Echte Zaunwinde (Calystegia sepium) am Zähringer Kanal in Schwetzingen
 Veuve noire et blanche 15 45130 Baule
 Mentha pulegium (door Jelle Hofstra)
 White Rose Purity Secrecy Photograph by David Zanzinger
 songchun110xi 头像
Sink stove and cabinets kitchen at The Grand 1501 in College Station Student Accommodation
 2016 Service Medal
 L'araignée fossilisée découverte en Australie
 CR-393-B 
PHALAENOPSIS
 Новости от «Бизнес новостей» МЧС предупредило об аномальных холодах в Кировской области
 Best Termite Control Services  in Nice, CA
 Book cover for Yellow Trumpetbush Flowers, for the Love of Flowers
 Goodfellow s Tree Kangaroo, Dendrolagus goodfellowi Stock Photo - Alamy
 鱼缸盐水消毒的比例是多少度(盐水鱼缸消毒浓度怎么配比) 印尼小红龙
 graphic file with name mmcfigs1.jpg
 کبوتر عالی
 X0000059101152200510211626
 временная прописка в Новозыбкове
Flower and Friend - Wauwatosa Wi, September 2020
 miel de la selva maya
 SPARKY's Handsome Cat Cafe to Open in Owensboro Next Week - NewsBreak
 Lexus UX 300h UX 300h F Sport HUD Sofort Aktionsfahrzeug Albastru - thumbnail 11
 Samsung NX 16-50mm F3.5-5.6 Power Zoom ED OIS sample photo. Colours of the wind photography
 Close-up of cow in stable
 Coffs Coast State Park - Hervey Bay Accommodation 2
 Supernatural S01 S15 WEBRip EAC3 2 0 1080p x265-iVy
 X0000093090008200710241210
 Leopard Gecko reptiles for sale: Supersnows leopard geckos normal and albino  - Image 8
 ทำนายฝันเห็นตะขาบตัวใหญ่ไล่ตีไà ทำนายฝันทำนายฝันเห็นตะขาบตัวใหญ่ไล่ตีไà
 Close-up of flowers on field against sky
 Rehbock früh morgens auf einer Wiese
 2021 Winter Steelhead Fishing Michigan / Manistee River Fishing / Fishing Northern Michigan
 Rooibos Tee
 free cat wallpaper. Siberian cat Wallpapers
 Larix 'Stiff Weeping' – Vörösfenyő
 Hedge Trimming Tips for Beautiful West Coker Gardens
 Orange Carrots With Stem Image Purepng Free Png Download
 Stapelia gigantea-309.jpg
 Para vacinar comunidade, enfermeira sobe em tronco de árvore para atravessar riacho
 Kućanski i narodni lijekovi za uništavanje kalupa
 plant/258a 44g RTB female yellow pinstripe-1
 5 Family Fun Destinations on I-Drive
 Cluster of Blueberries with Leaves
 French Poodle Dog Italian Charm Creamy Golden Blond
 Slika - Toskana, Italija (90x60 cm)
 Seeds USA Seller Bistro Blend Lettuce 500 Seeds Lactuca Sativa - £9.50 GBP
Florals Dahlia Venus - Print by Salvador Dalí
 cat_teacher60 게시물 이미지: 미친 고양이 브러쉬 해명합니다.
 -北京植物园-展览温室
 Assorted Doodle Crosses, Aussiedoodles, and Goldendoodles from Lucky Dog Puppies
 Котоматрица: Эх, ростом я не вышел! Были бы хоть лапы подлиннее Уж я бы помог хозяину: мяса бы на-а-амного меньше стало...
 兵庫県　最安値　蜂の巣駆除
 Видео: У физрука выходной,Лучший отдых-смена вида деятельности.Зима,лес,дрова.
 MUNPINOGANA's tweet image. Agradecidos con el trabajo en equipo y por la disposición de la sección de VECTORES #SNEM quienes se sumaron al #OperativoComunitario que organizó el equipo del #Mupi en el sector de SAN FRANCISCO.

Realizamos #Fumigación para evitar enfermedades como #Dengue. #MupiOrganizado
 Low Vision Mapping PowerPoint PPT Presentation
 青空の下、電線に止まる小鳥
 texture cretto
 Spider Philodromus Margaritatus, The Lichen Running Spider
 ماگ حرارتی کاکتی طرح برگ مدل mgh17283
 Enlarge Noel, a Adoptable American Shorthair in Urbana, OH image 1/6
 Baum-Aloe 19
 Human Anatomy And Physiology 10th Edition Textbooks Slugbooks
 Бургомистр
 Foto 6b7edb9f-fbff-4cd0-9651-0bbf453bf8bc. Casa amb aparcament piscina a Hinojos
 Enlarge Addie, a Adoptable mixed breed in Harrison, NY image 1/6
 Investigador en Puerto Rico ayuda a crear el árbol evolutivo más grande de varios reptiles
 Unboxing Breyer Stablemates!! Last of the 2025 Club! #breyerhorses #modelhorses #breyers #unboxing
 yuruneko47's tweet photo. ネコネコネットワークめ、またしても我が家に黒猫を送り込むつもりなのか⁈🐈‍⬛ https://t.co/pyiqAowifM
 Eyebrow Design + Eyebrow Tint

————

-- What is needed --
Repeat the data in its entirety, exactly as written.

-- Expected answer --
Echte Zaunwinde (Calystegia sepium) am Zähringer Kanal in Schwetzingen
 Veuve noire et blanche 15 45130 Baule
 Mentha pulegium (door Jelle Hofstra)
 White Rose Purity Secrecy Photograph by David Zanzinger
 songchun110xi 头像
Sink stove and cabinets kitchen at The Grand 1501 in College Station Student Accommodation
 2016 Service Medal
 L'araignée fossilisée découverte en Australie
 CR-393-B 
PHALAENOPSIS
 Новости от «Бизнес новостей» МЧС предупредило об аномальных холодах в Кировской области
 Best Termite Control Services  in Nice, CA
 Book cover for Yellow Trumpetbush Flowers, for the Love of Flowers
 Goodfellow s Tree Kangaroo, Dendrolagus goodfellowi Stock Photo - Alamy
 鱼缸盐水消毒的比例是多少度(盐水鱼缸消毒浓度怎么配比) 印尼小红龙
 graphic file with name mmcfigs1.jpg
 کبوتر عالی
 X0000059101152200510211626
 временная прописка в Новозыбкове
Flower and Friend - Wauwatosa Wi, September 2020
 miel de la selva maya
 SPARKY's Handsome Cat Cafe to Open in Owensboro Next Week - NewsBreak
 Lexus UX 300h UX 300h F Sport HUD Sofort Aktionsfahrzeug Albastru - thumbnail 11
 Samsung NX 16-50mm F3.5-5.6 Power Zoom ED OIS sample photo. Colours of the wind photography
 Close-up of cow in stable
 Coffs Coast State Park - Hervey Bay Accommodation 2
 Supernatural S01 S15 WEBRip EAC3 2 0 1080p x265-iVy
 X0000093090008200710241210
 Leopard Gecko reptiles for sale: Supersnows leopard geckos normal and albino  - Image 8
 ทำนายฝันเห็นตะขาบตัวใหญ่ไล่ตีไà ทำนายฝันทำนายฝันเห็นตะขาบตัวใหญ่ไล่ตีไà
 Close-up of flowers on field against sky
 Rehbock früh morgens auf einer Wiese
 2021 Winter Steelhead Fishing Michigan / Manistee River Fishing / Fishing Northern Michigan
 Rooibos Tee
 free cat wallpaper. Siberian cat Wallpapers
 Larix 'Stiff Weeping' – Vörösfenyő
 Hedge Trimming Tips for Beautiful West Coker Gardens
 Orange Carrots With Stem Image Purepng Free Png Download
 Stapelia gigantea-309.jpg
 Para vacinar comunidade, enfermeira sobe em tronco de árvore para atravessar riacho
 Kućanski i narodni lijekovi za uništavanje kalupa
 plant/258a 44g RTB female yellow pinstripe-1
 5 Family Fun Destinations on I-Drive
 Cluster of Blueberries with Leaves
 French Poodle Dog Italian Charm Creamy Golden Blond
 Slika - Toskana, Italija (90x60 cm)
 Seeds USA Seller Bistro Blend Lettuce 500 Seeds Lactuca Sativa - £9.50 GBP
Florals Dahlia Venus - Print by Salvador Dalí
 cat_teacher60 게시물 이미지: 미친 고양이 브러쉬 해명합니다.
 -北京植物园-展览温室
 Assorted Doodle Crosses, Aussiedoodles, and Goldendoodles from Lucky Dog Puppies
 Котоматрица: Эх, ростом я не вышел! Были бы хоть лапы подлиннее Уж я бы помог хозяину: мяса бы на-а-амного меньше стало...
 兵庫県　最安値　蜂の巣駆除
 Видео: У физрука выходной,Лучший отдых-смена вида деятельности.Зима,лес,дрова.
 MUNPINOGANA's tweet image. Agradecidos con el trabajo en equipo y por la disposición de la sección de VECTORES #SNEM quienes se sumaron al #OperativoComunitario que organizó el equipo del #Mupi en el sector de SAN FRANCISCO.

Realizamos #Fumigación para evitar enfermedades como #Dengue. #MupiOrganizado
 Low Vision Mapping PowerPoint PPT Presentation
 青空の下、電線に止まる小鳥
 texture cretto
 Spider Philodromus Margaritatus, The Lichen Running Spider
 ماگ حرارتی کاکتی طرح برگ مدل mgh17283
 Enlarge Noel, a Adoptable American Shorthair in Urbana, OH image 1/6
 Baum-Aloe 19
 Human Anatomy And Physiology 10th Edition Textbooks Slugbooks
 Бургомистр
 Foto 6b7edb9f-fbff-4cd0-9651-0bbf453bf8bc. Casa amb aparcament piscina a Hinojos
 Enlarge Addie, a Adoptable mixed breed in Harrison, NY image 1/6
 Investigador en Puerto Rico ayuda a crear el árbol evolutivo más grande de varios reptiles
 Unboxing Breyer Stablemates!! Last of the 2025 Club! #breyerhorses #modelhorses #breyers #unboxing
 yuruneko47's tweet photo. ネコネコネットワークめ、またしても我が家に黒猫を送り込むつもりなのか⁈🐈‍⬛ https://t.co/pyiqAowifM
 Eyebrow Design + Eyebrow Tint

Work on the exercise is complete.